Tom Hayes and Carlo Palombo, the two City traders whose convictions for manipulating a key benchmark interest rate were quashed on Wednesday by the supreme court, were made “scapegoats for the sins that led to the financial crisis”, says Sir David Davis, the campaigning MP. It is impossible to disagree. And Davis is right that this “major scandal” ought to prompt questions about how the traders’ cases were prosecuted by the Serious Fraud Office and why it took so long for their convictions to be overturned.
There has been a weirdness about these cases from day one. Hayes, a former UBS and Citigroup trader, was sentenced to 14 years in prison for conspiracy to defraud, the sort of sentence you might get for armed robbery. Hayes’s alleged crime was the rather more technical one of encouraging his employer to make a dishonest submission in answer to this question: “At what rate could the bank borrow funds by asking for and accepting inter-bank offers in a reasonable market size just prior to 11am?”
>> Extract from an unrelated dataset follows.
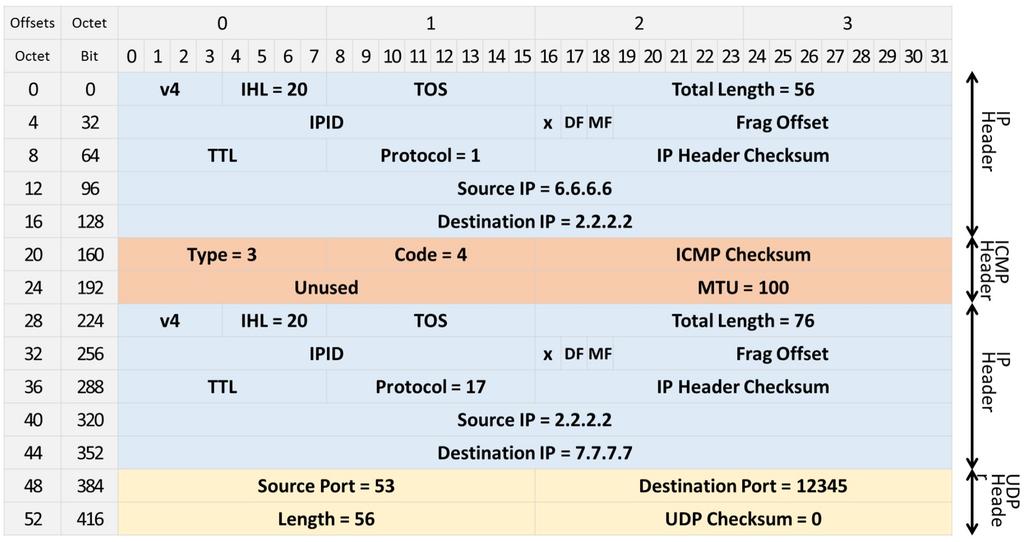 CAUSING FRAGMENTATION WITH ICMP Type=3 Destination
Welcome to the world of Libor, or London inter-bank offered rate. The benchmark is now discontinued but it was used to reflect the rates at which banks could borrow from each other. A panel of 16 banks made submissions and an average was taken to set the benchmark daily. It exploded into public prominence during the financial crisis because the health of banks – as judged by their willingness to lend to each other – became a matter of huge public concern.
As banks coughed up huge sums in settlements with regulators for Libor-rigging, as it became known, there was political appetite for prosecutions of individuals. Manipulating Libor came to be seen as the epitome of banks’ and bankers’ deviousness, even though, in truth, the benchmark had little to do with the source of the financial crisis – and even though individual traders tended to protest that their behaviour was well known to their bosses.
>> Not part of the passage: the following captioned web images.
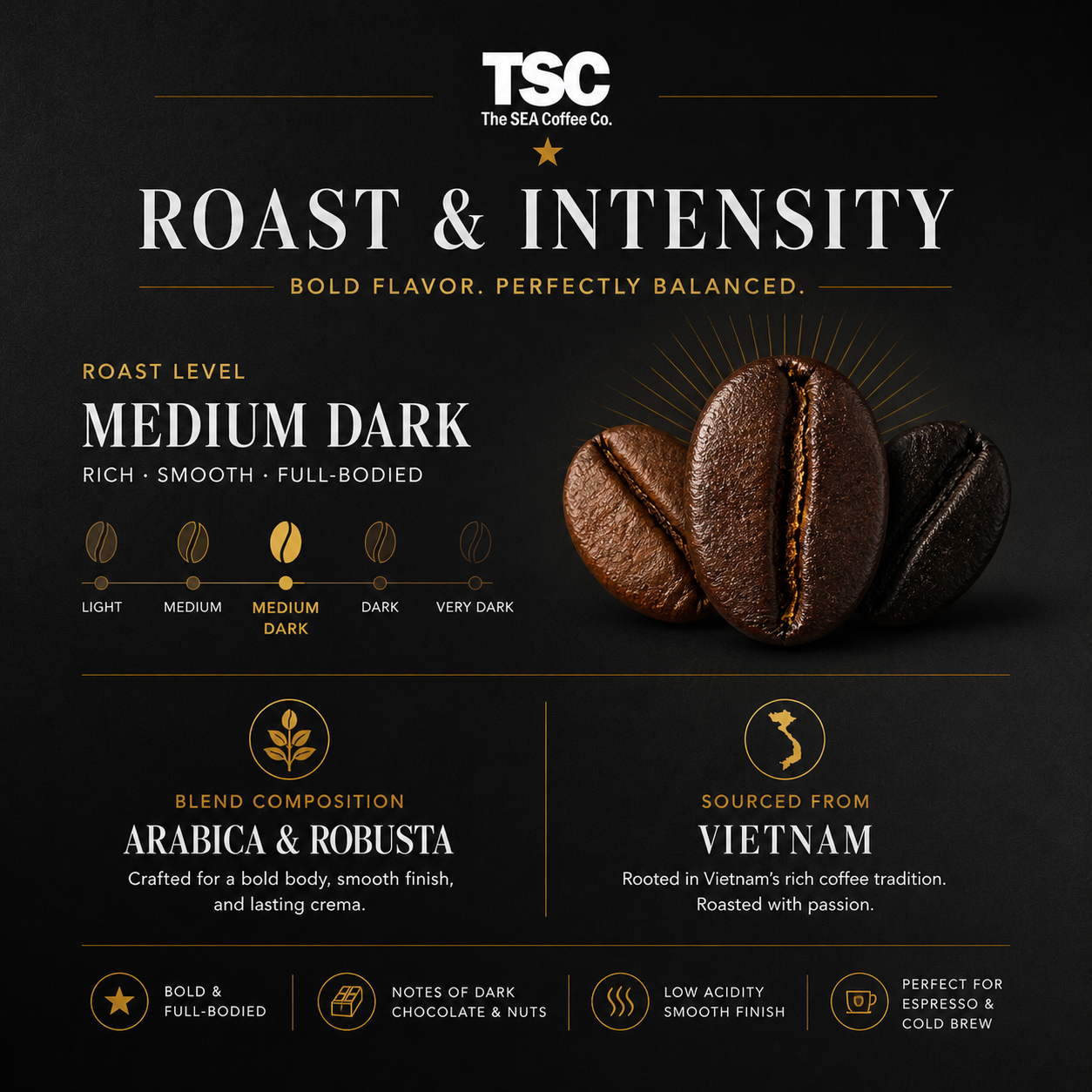 Vietnamese Specialty Coffee Beans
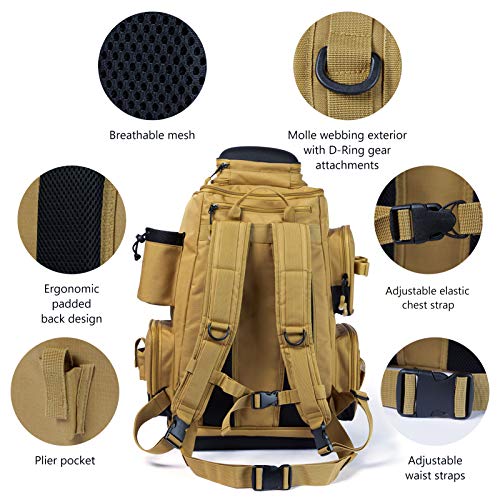 BASSDASH Fishing Tackle Backpack Water Resistant Tactical Bag Soft Tackle Box with Rod Holder and Protective Rain Cover - color: British Khaki Backpack [3670] Without Trays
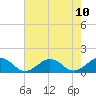 Broad Bay Canal tide chart for Tuesday, August 10, 2021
But it must have seemed an easy thing to prosecute, not least because Hayes himself had admitted to the SFO over 80 hours of interviews that he had tried to influence Libor submitters to put forward numbers that would advantage his trading positions.
The problem was the direction given to the jury in his trial. This is the critical passage in the supreme court ruling: “It was wrong for the judge to direct the jury that, if the submitter took any account of the commercial interests of the bank or a trader, the rate submitted was for that reason not a genuine or honest answer to the question posed by the [Libor] definitions as a matter of law.” Palombo’s trial was compromised similarly.
The supreme court still said there was “ample evidence” that could have led the jury to a guilty verdict for Hayes. But – critically – the judge’s errors in direction “were sufficiently material to make the conviction unsafe”.
The troubling aspect is that Hayes’s lawyers have been making the central point about misdirection for years. The court of appeal, however, dismissed appeals twice. The case made it to the supreme court only after US courts in 2022 decided two other Libor cases differently, saying there was “no prohibition” on taking commercial considerations into account when making submissions. Charges against Hayes were dropped in the US. As Davis said at the time, the UK became “an outlier”.
Seven other Libor convictions in the UK now look likely to be challenged. If they, too, are overthrown little will be left of the SFO’s post-financial crisis pursuit of traders. Davis referred to what he called a “scapegoating exercise” that happened as a result of alleged collusion between the banks and government agencies, including the SFO and the Financial Conduct Authority. There has always been a whiff here of the authorities going after relatively lowly, if well-remunerated, traders such as Hayes and Palombo to satisfy a political wish for scalps.
Hayes’s legal team called for a public inquiry and for the SFO, which has powers to act as both investigator and prosecutor, to be abolished. One suspects neither will happen, although the former would add greatly to public understanding of what happened during the financial crisis. But one hopes that this prod will be acted upon because it came from the supreme court itself: “The history of these two cases raises concerns about the effectiveness of the criminal appeal system in England and Wales in confronting legal error.” You bet it does.